The two rear cameras comprise a 50-megapixel main shooter and 12-megapixel ultra-wide camera with 114-degree field of view – lacking any zoom photography, so you’ll have to make do with the phone cropping in with the main sensor if you want to shoot anything from a distance. It’s not a letdown, as many flagship phones do the same, but getting a 4x telephoto zoom is the biggest reason to upgrade to the Pixel 6 Pro.
The phone is the first to launch with Android 12 out of the box, and there are plenty of new features to discover.

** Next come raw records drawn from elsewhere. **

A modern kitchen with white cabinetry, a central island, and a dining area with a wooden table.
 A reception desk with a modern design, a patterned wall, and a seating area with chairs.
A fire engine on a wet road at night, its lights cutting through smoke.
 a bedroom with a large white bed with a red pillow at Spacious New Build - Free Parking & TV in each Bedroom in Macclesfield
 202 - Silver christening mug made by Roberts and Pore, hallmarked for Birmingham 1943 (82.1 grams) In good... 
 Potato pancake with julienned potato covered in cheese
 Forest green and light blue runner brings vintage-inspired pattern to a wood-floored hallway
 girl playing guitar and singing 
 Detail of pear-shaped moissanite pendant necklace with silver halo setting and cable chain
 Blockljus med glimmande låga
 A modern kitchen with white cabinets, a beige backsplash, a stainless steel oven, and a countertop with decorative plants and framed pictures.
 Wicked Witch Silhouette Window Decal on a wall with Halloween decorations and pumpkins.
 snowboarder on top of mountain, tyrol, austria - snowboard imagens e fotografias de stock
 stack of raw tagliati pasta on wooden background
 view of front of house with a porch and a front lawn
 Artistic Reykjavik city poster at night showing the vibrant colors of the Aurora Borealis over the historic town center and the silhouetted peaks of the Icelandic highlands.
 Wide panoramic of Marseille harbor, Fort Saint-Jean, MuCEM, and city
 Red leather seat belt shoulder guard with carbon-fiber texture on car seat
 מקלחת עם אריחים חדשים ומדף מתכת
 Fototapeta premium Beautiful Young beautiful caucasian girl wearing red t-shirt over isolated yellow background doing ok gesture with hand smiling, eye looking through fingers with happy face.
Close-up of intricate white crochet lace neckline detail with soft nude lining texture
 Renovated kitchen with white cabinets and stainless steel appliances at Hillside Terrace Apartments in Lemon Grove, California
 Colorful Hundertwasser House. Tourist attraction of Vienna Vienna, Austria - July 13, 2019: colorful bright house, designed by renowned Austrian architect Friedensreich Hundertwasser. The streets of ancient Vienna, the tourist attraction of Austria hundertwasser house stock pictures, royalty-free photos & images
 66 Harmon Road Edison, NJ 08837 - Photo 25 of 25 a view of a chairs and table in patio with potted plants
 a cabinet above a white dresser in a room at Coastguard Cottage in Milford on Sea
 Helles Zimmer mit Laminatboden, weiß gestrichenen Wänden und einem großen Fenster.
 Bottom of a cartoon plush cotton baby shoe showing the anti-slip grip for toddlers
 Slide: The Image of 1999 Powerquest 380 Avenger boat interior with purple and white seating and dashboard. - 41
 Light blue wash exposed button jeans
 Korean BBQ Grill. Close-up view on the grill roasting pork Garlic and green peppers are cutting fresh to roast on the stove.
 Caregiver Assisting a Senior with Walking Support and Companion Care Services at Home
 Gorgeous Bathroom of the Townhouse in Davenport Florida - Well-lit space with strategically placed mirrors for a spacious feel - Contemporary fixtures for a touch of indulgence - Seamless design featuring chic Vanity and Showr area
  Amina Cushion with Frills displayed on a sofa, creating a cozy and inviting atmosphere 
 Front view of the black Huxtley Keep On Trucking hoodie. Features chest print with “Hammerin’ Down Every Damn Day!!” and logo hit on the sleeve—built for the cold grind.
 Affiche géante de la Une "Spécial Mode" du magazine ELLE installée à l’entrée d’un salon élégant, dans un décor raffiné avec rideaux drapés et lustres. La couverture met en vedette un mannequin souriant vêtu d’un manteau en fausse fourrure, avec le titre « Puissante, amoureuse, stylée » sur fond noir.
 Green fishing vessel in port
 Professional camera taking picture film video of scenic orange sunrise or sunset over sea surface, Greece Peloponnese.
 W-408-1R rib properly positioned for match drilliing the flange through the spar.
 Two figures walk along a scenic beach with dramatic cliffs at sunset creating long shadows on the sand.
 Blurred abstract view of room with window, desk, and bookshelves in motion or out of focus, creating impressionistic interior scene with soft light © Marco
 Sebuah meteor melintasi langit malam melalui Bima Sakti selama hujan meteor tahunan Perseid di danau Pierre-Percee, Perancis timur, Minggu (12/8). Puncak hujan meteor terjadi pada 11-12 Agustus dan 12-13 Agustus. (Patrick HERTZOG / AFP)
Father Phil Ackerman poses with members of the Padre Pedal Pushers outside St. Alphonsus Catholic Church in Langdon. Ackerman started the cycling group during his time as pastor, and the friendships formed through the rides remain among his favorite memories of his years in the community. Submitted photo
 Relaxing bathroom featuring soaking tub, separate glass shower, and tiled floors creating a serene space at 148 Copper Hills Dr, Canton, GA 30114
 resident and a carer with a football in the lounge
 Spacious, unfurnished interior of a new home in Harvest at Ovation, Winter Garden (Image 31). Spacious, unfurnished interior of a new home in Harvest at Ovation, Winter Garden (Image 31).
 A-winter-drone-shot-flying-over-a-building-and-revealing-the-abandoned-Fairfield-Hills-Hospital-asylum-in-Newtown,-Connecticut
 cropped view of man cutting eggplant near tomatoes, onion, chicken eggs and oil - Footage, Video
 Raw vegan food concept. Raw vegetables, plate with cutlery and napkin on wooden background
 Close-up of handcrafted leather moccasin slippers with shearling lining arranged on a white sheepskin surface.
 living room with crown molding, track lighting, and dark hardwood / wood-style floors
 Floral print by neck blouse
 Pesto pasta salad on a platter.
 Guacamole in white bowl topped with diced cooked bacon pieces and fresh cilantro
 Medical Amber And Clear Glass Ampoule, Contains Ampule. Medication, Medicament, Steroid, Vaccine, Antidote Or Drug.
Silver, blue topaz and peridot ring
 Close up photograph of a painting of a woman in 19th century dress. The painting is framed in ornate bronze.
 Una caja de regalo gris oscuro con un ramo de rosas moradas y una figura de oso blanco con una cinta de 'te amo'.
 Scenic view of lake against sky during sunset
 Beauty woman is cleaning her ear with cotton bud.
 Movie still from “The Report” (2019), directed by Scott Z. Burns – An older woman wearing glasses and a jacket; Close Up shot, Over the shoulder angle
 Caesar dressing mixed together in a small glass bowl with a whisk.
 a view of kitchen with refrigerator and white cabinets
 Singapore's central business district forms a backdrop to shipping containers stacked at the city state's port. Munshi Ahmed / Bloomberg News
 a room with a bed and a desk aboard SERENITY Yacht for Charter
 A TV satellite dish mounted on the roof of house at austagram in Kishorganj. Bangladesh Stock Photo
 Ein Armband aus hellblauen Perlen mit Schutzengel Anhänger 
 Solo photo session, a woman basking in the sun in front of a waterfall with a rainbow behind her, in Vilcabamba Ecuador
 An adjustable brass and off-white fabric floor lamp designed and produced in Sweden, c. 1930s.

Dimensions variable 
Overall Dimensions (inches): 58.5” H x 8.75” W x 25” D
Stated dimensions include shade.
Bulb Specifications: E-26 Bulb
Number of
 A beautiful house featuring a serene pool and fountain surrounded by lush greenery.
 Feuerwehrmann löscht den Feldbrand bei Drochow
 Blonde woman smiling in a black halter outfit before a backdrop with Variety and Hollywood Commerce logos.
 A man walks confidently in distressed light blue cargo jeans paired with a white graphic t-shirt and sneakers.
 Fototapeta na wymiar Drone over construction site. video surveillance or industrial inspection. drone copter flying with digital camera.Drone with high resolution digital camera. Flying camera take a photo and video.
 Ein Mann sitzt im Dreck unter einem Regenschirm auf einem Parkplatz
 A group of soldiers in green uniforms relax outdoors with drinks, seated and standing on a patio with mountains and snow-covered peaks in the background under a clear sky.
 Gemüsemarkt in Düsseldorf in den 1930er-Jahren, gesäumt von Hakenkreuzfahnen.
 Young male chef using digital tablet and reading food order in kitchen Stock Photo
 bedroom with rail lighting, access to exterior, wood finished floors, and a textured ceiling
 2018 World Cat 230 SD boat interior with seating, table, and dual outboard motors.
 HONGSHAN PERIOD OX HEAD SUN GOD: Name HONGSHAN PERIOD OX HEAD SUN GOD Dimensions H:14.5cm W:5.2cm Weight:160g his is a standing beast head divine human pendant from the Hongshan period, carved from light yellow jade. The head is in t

Most of these upgrades are incremental or not too noticeable, but some are huge.
At the top of the list is the new Material You color palette coordination, which syncs up widgets and UI icons to match a chosen color theme. That’s just scraping the surface of the update; there are some Android 12 features that are only available to the Tensor-powered Pixel 6 and Google Pixel 6 Pro, like Live Translate of audio and through Google Lens which can finally be done on-device – situational perks, yes, but powerful.
Yes, the Pixel 6 is launching with a bigger sibling, but a larger screen and boosted 5,000mAh battery capacity aren’t the only things that set the Pixel 6 Pro apart. Its 6.7-inch OLED display has QHD Plus (3120 x 1440) resolution and 120Hz refresh rate, and it comes with 12GB of RAM and up to 512GB of storage. It packs an extra rear camera, too: a periscope telephoto lens offering up to 4x optical zoom.
The Pixel 6 Pro is significantly pricier than the standard-issue Pixel 6, making the latter incredibly good value for its price. Sufficiently powerful, with a battery lasting little more than a full day, but with cameras and photo software that outstrip other flagship phones. It might not be the most impressive phone on the market, but it hits a sweet spot of capability and more unique perks for its price point.
Google Pixel 6 price and release date
The Google Pixel 6 was unveiled on October 19 alongside the Google Pixel 6 Pro. Both devices have a global release date of October 25.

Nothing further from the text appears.